06 Feb X = 2140
In the coming 120 years, how can humans decide to dismantle, remember and repair the lands called Sellafield?
Florence Arts Centre, Egremont, Cumbria, February – March 2020
www.facebook.com/nuclearsitefutures
The exhibition at FAC closed with the first lockdown. The sculptures may be exhibited again in Liverpool, 2022-23.
See Wallace’s article: ‘The Times of Caring in a Nuclear World. Sculpture, Contamination and Stillness‘.
There will be five human generations between 2020 and 2140, the year by which the Sellafield site is to be decommissioned, its purposes changed and its legacies cast. Each generation will make decisions on this future while enduring unpredictable ecological changes and uncertain political, economic and technological conditions.
Wallace’s three sculptures, Font No. 1 [top right] Knowledge Font [bottom right] and Future Font [middle right], play with the iconic architecture and industrial shapes of Sellafield to create metaphoric ‘fonts’. The sculptures offer ways of thinking about a decision outside the everyday and its usual procedures.
Fonts are devices for acknowledging the past, for marking the present and sending hopes for a future. The sculptures ask about what kinds of knowledge will be useful; what different forms of clean-up and remediation will be needed; and what it feels like to care for the soils, waters, stones and living beings on whom these generations of humans depend.

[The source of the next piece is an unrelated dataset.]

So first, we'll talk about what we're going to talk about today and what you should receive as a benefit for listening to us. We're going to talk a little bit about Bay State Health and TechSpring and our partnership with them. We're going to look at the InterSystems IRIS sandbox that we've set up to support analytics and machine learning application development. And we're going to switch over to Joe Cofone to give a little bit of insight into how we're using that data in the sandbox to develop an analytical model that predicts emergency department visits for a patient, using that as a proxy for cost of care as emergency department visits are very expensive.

The exhibition was part of the ‘Sellafield Site Futures’ project by an interdisciplinary team at the University of Manchester, looking at the contentious history and future of the site. The researchers hosted three workshops in the summer of 2019 in Whitehaven, bringing together participants from West Cumbria, some affiliated with the nuclear industry and supply chain, others working in the arts and heritage sectors, scientists and ethicists, and others engaged in conservation and ecological initiatives. The sculptures are a response to the questions and conflicts that were raised.

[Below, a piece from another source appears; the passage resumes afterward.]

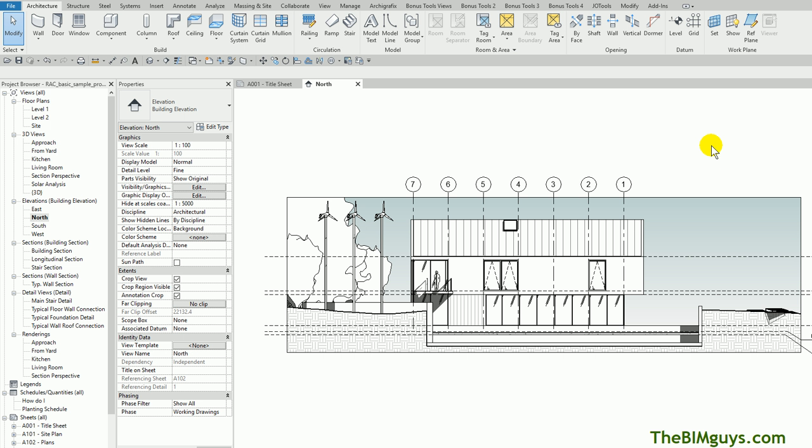Hello, and welcome to Tip of the Week. This week we're going to talk about how to detail an elevation in Revit, some tips and tricks you can make your elevations look fun.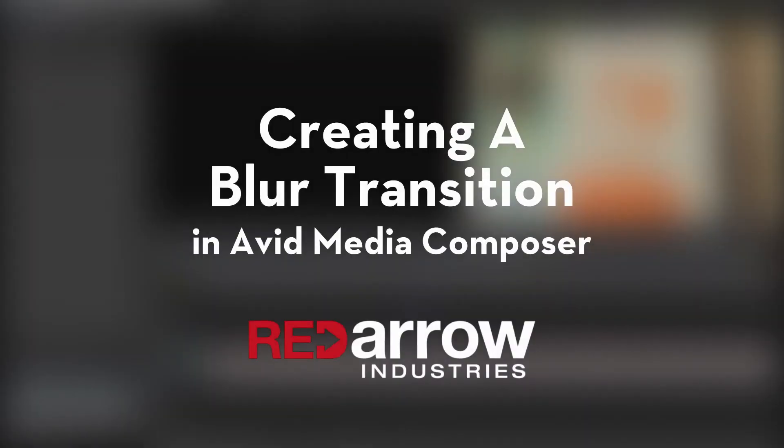Hey everyone, this is Mark from Red Arrow Industries, here for another to the point tutorial. In this tutorial, I'll go over how you can create a blurred transition in Avid Media Composer. So let's get to it.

The exhibition was supported by the University of Manchester’s Beam research network and the Dalton Nuclear Institute and is funded by the UK Energy Research Centre (UKERC).
Talks:
Wallace and Petra Tjitske presented ‘An artistic intervention in post-industrial landscape engineering’ for the ‘Indeterminacies’ online conference, Scotland, 2021; and gave an online talk at the Vienna Anthropology Days Conference, University of Vienna, October 2020. Wallace presented the exhibition as part of her session on ‘Play, Shame and Care’ for the ‘Becoming Earthly’ project by The Barn arts centre, Banchory, Scotland, September 2020.